Bis heute ist Argentinien gespalten zwischen Abtreibungsgegnern und -befürwortern. Wenige Tage vor der Senatsentscheidung riefen evangelikale Kirchen und katholische Gemeinden zu einer Demonstration gegen das geplante Gesetz auf, Tausende Menschen gingen auf die Straße. Wie fast alle Länder Lateinamerikas ist auch Argentinien stark von der katholischen Kirche geprägt. Abtreibungsgegner sind zahlreich und vertreten ihre Position teilweise aggressiv. Frauen mit grünen Halstüchern werden in der Öffentlichkeit häufig von ihnen angeschrien, geschubst, geschlagen und mit Plastikföten beworfen.

Der argentinische Papst Franziskus feuerte die Debatte noch zusätzlich an, indem er Abtreibungen von schwerkranken Föten mit Programmen der Nationalsozialisten verglich. Die Abtreibungsgegner setzen sich in Argentinien wie auch in anderen Ländern unter dem Motto „Pro Vida" für das „Leben der Ungeborenen" ein. In Opposition zu den Abtreibungsbefürwortern haben sie das hellblaue Halstuch zu ihrem Symbol gemacht.

Frauenrechte sind heute ein Thema in Argentinien

Die argentinische Frauenbewegung hat es dennoch geschafft, die Forderung nach legaler Abtreibung mehrheitsfähig zu machen.
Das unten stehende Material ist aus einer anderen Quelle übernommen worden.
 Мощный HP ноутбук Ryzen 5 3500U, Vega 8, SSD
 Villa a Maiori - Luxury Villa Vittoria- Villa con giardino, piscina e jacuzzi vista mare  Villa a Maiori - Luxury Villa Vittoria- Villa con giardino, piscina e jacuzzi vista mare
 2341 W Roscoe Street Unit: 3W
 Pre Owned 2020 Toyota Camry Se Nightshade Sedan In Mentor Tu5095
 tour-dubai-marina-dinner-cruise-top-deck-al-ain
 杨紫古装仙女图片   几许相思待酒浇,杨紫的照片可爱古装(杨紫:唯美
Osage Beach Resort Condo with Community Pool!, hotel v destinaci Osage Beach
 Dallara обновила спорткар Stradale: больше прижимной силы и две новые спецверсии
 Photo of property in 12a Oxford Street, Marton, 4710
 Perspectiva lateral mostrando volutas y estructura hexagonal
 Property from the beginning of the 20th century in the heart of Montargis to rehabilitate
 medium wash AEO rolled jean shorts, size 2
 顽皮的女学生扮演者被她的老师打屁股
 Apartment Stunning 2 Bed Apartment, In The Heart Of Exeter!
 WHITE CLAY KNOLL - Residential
Kommt der Entwurf durch, wäre ihr Erfolg nicht nur die rechtliche Straffreiheit, sondern auch die gesellschaftliche Akzeptanz von Abtreibungen. Laut einer Studie von Amnesty International und dem nationalen Forschungszentrum Cedes befürworten inzwischen 59 Prozent der Argentinier die Legalisierung des Schwangerschaftsabbruchs. Ein weiterer Erfolg: Frauenrechte sind heute ein Thema in Argentinien.

Die Grundlage dafür hat die Bewegung gegen Frauenmorde „Ni Una Menos" („Nicht eine Frau weniger") gelegt. 2015 empörte der Fall der 14-jährigen Chiara Pérez, die von ihrem Freund grausam ermordet worden war, das ganze Land. Journalistinnen reagierten mit dem Hashtag #NiUnaMenos, der sich über Twitter und Facebook wie ein Lauffeuer verbreitete. Am 3. Juni 2015 demonstrierten in Buenos Aires und in anderen Städten Argentiniens eine halbe Million Menschen. Anschließend protestierten Frauen in ganz Lateinamerika gegen Frauenmorde und Gewalt gegen Frauen. Heute kennt jeder den Ausdruck „Ni Una Menos", er ist zum Kampfruf der Frauenbewegung geworden.

Gemeint sind damit mittlerweile auch die Frauen, die jedes Jahr bei illegalen Abtreibungen sterben. Denn auch wenn Abtreibungen bisher verboten waren, sind sie längst Realität. Amnesty International zufolge gibt es jährlich etwa 450.000 illegale Schwangerschaftsabbrüche in Argentinien.